__Extracted information__:

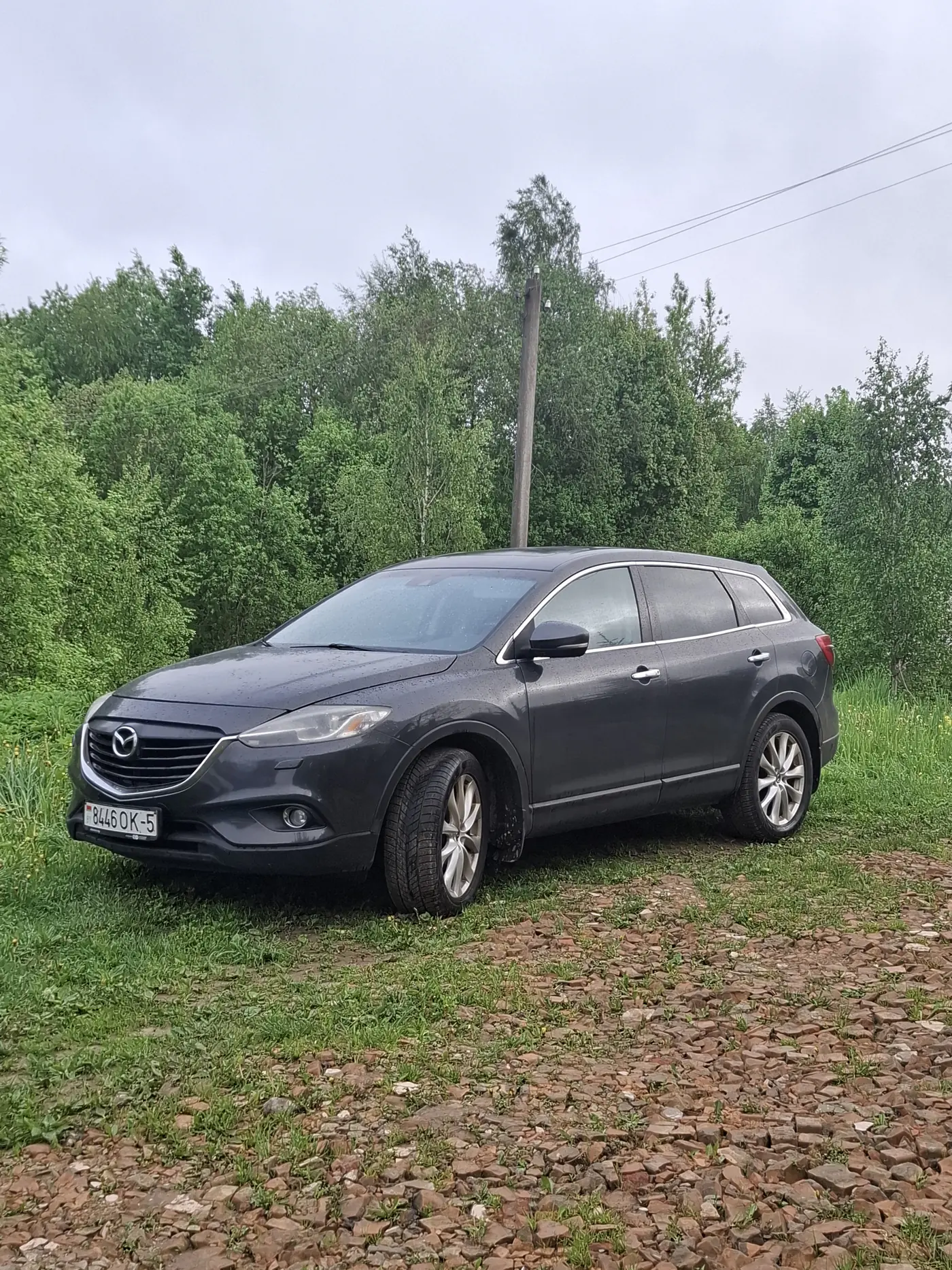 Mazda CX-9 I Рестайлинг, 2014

* * *

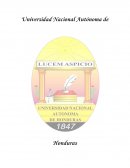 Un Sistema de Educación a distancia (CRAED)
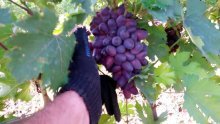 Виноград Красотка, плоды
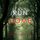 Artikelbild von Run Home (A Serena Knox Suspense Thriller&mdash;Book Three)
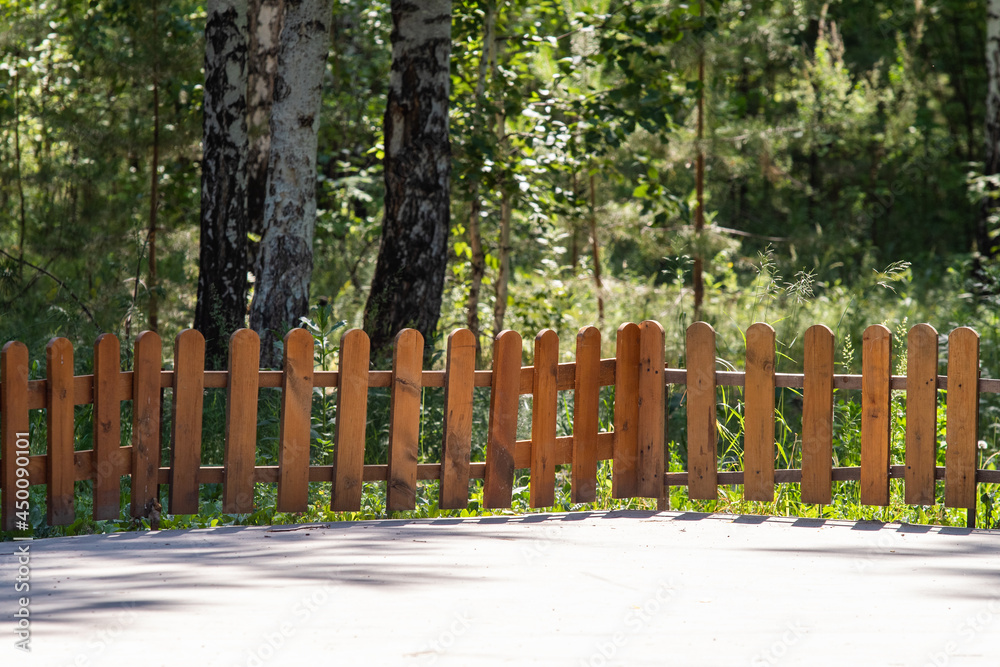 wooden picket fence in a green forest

__Task objective__:
Take only the lines above from the one that has "Artikelbild von Run" through the one that has "wooden picket fence in a green forest" and reproduce them exactly, omitting any pictures.

__Result below__:
 Artikelbild von Run Home (A Serena Knox Suspense Thriller&mdash;Book Three)
 wooden picket fence in a green forest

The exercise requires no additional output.